About this task:
Each line below from the "ROZPREDAM-CITROEN BERLINGO 1.9" line through the "Photo 14 at" line, those two included, must be restated word for word; the pictures must not be.

Exercise material:
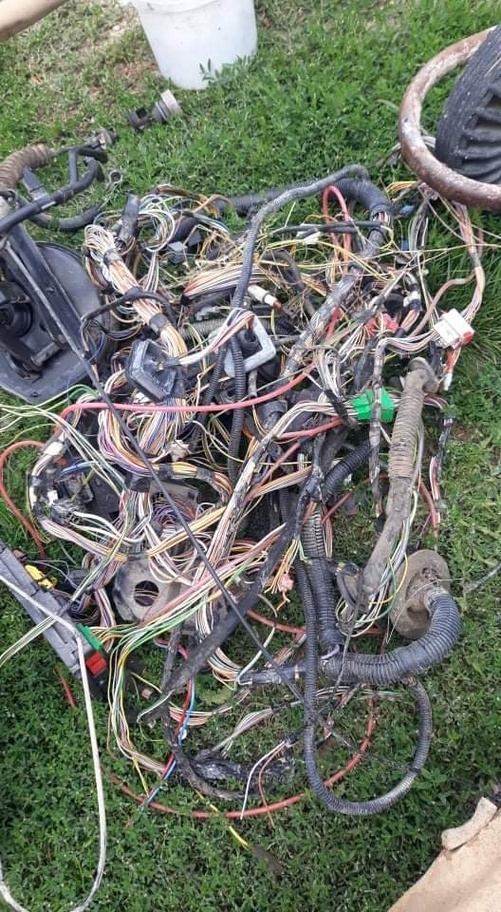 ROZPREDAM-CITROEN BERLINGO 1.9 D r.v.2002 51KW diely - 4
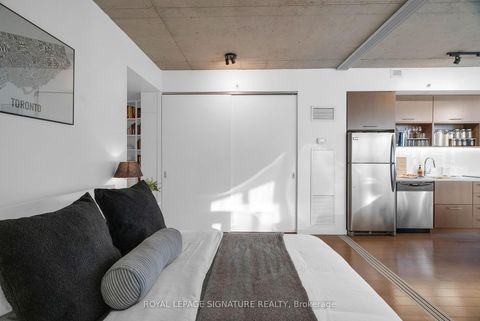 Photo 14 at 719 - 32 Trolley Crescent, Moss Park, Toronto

...

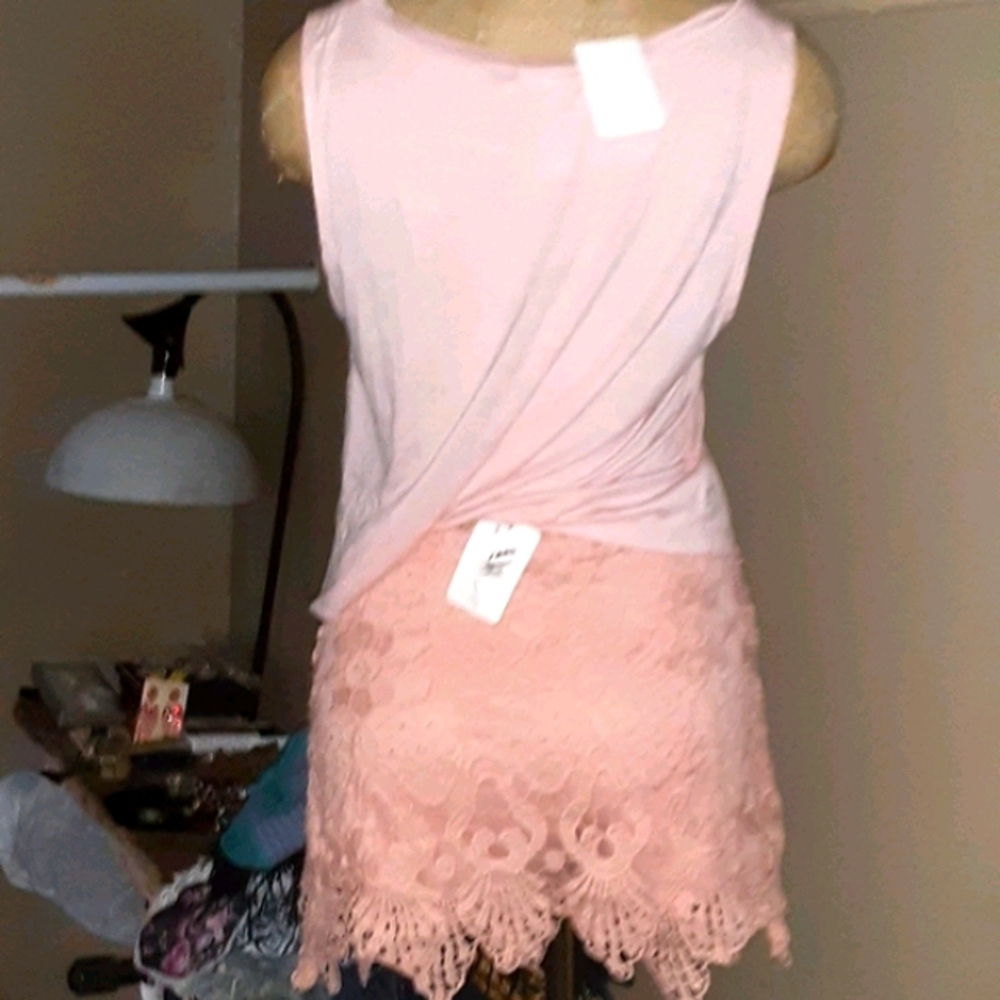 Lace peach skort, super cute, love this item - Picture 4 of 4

Response area:
 ROZPREDAM-CITROEN BERLINGO 1.9 D r.v.2002 51KW diely - 4
 Photo 14 at 719 - 32 Trolley Crescent, Moss Park, Toronto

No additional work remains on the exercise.